- Recorded data
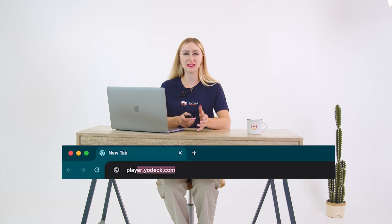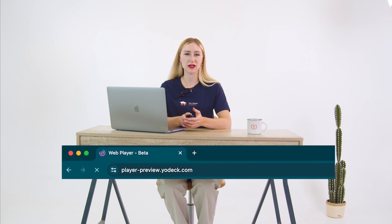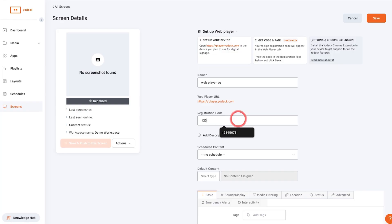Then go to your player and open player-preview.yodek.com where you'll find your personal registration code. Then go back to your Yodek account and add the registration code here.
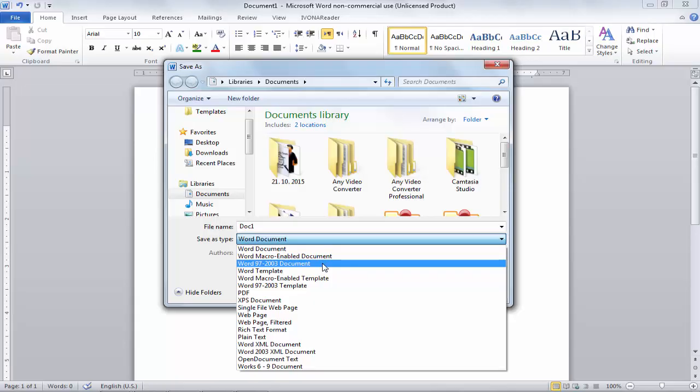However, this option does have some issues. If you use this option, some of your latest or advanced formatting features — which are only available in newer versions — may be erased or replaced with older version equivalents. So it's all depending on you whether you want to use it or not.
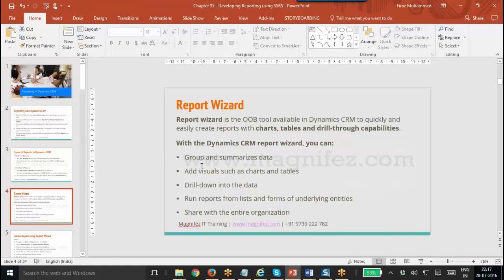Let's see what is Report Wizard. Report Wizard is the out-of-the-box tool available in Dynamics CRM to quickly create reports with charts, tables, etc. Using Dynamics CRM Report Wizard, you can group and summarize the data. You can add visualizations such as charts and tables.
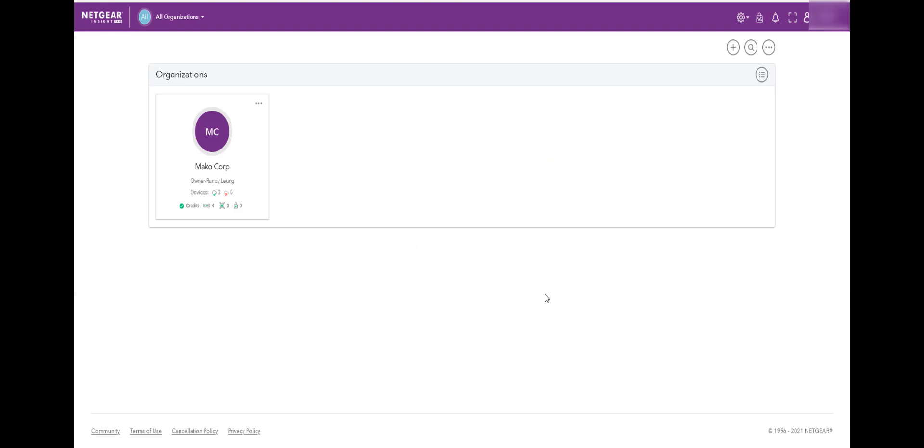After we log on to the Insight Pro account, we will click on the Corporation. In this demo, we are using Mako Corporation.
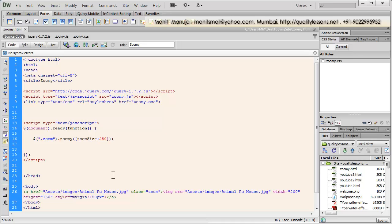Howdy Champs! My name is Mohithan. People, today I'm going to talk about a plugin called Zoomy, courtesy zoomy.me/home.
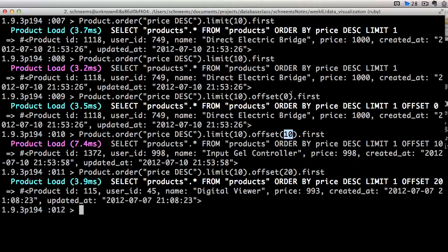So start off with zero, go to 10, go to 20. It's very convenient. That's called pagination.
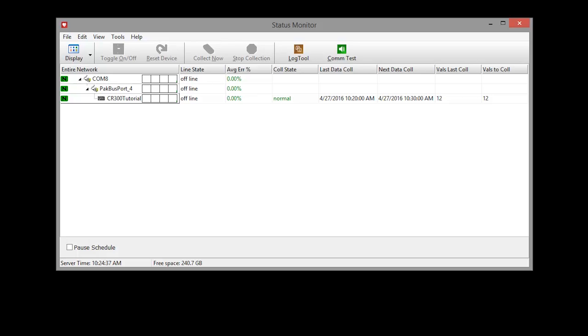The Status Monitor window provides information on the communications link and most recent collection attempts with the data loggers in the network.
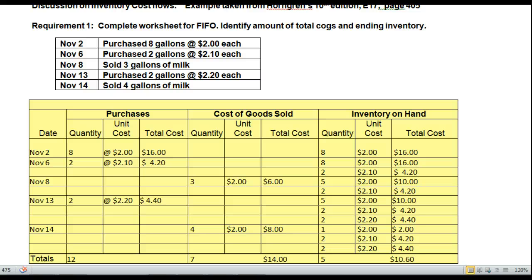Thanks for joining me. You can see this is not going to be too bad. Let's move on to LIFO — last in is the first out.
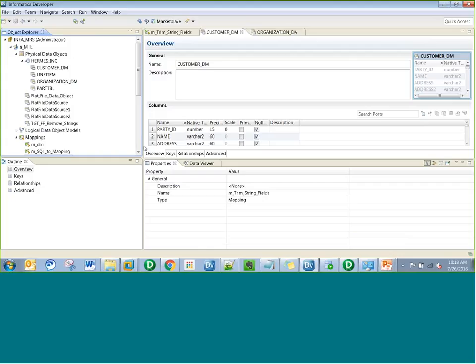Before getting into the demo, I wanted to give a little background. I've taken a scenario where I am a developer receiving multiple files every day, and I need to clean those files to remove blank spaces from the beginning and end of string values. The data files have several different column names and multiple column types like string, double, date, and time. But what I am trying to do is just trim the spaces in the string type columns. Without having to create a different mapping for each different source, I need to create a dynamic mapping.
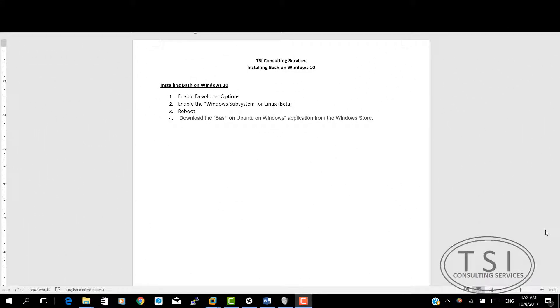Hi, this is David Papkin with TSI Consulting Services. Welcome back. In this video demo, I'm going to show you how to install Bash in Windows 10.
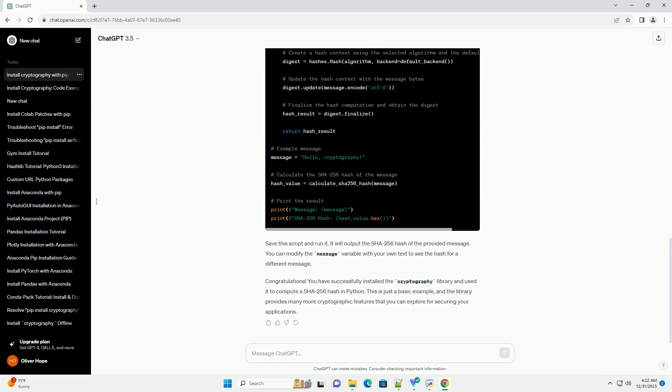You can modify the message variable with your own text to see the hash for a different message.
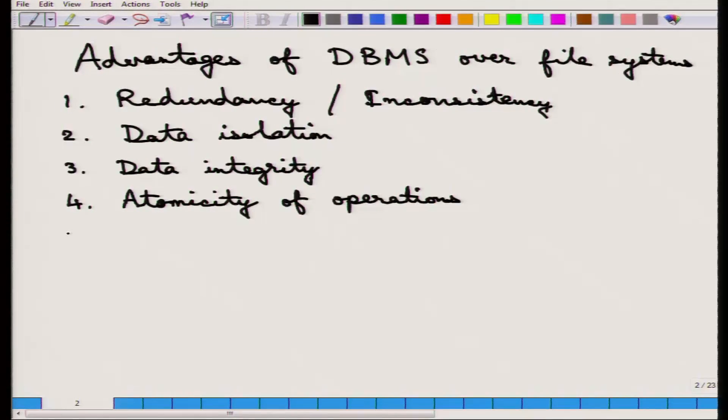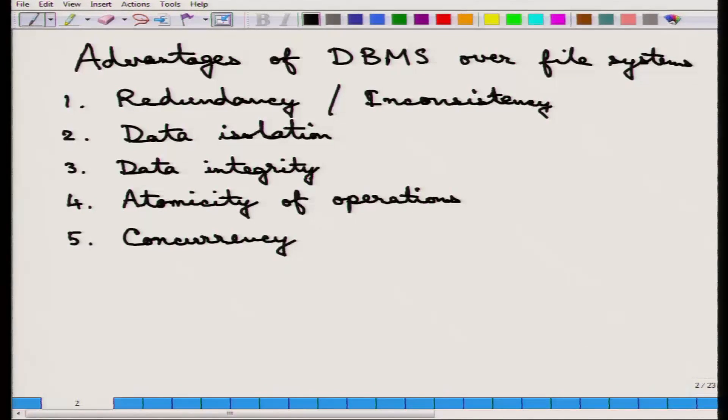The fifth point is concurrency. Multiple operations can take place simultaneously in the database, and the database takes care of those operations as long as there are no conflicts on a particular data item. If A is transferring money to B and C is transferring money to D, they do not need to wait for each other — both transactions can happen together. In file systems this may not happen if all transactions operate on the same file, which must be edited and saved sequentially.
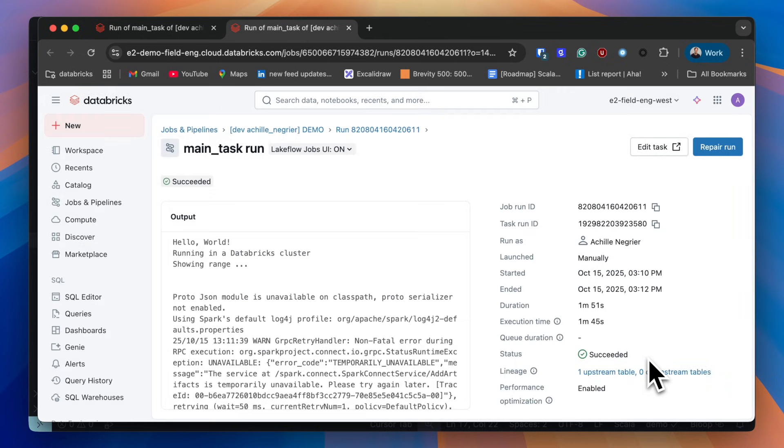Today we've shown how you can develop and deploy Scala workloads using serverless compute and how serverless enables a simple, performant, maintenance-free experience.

- Task statement
Exclude all images and retype the data precisely.

- Output below
Then go to your player and open player-preview.yodek.com where you'll find your personal registration code. Then go back to your Yodek account and add the registration code here.
However, this option does have some issues. If you use this option, some of your latest or advanced formatting features — which are only available in newer versions — may be erased or replaced with older version equivalents. So it's all depending on you whether you want to use it or not.
Let's see what is Report Wizard. Report Wizard is the out-of-the-box tool available in Dynamics CRM to quickly create reports with charts, tables, etc. Using Dynamics CRM Report Wizard, you can group and summarize the data. You can add visualizations such as charts and tables.
After we log on to the Insight Pro account, we will click on the Corporation. In this demo, we are using Mako Corporation.
Howdy Champs! My name is Mohithan. People, today I'm going to talk about a plugin called Zoomy, courtesy zoomy.me/home.
So start off with zero, go to 10, go to 20. It's very convenient. That's called pagination.
The Status Monitor window provides information on the communications link and most recent collection attempts with the data loggers in the network.
Thanks for joining me. You can see this is not going to be too bad. Let's move on to LIFO — last in is the first out.
Before getting into the demo, I wanted to give a little background. I've taken a scenario where I am a developer receiving multiple files every day, and I need to clean those files to remove blank spaces from the beginning and end of string values. The data files have several different column names and multiple column types like string, double, date, and time. But what I am trying to do is just trim the spaces in the string type columns. Without having to create a different mapping for each different source, I need to create a dynamic mapping.
Hi, this is David Papkin with TSI Consulting Services. Welcome back. In this video demo, I'm going to show you how to install Bash in Windows 10.
You can modify the message variable with your own text to see the hash for a different message.
The fifth point is concurrency. Multiple operations can take place simultaneously in the database, and the database takes care of those operations as long as there are no conflicts on a particular data item. If A is transferring money to B and C is transferring money to D, they do not need to wait for each other — both transactions can happen together. In file systems this may not happen if all transactions operate on the same file, which must be edited and saved sequentially.
Today we've shown how you can develop and deploy Scala workloads using serverless compute and how serverless enables a simple, performant, maintenance-free experience.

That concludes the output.